The young man says that he is unfazed by his situation, far from perfect since he is without a legal contract. Nevertheless, he continues to work as he looks forward to better days and the possibility of starting his own company. Lamine is not discouraged by the fact that, under Tunisian law, he is restricted from obtaining a work permit and legal support in case of litigation. In this context, he faces a tremendous challenge to becoming his own boss and starting a business.
Does Lamin harbor any regrets? « I haven’t seen my family since I left », the Sierra Leonean remarks as he shows us photos of his sister and nephews on Facebook. « But I talk to them all the time on social media », he adds. For now, he is unable to offer them any form of financial support. Lamin earns just enough to feed himself and keep a roof over his head. « One day, I will have a comfortable life, and I will be able to help them. In the meantime, they must be patient », he tells us. Still, the young man confides to Nawaat, he manages to set aside a small amount for his plans. Ambitious and unfazed in the midst of adversity, Lamin dreams of a stable life in Tunisia—even if political changes do not necessarily align with his aspired trajectory.

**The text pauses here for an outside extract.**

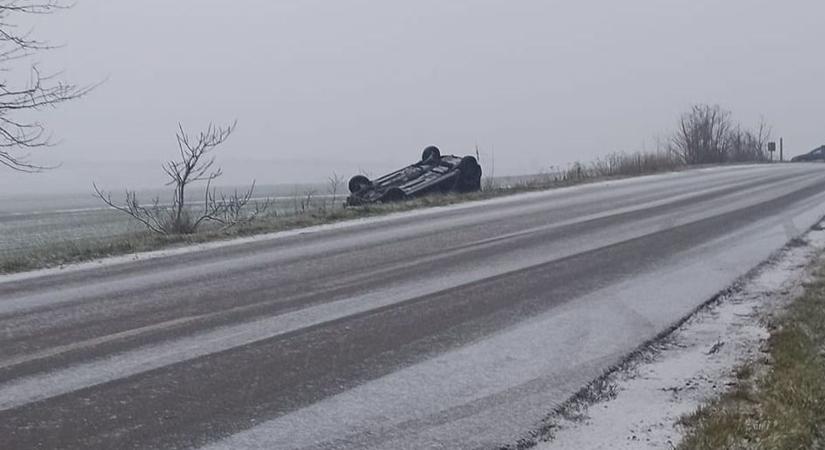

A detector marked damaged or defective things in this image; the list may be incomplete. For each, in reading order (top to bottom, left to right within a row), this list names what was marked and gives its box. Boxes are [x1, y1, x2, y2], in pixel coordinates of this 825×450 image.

Good luck to this young man. Many subsaharan migrants in Tunisia work harder than local people and economically they’re closing the gaps of labour shortage in the job market. The government should facilitate the immigration process for them to be able to settle and contribute to the growth of the economy. The current codes are inhumane and we can’t unlock growth economically without having immigrants, a lesson from every advanced economy.
Lamin you are a strong young man, the lesson i learn is to be always be strong and have faith in the day or days ahead of life.
Am a Sierra Leonean,
I love your story.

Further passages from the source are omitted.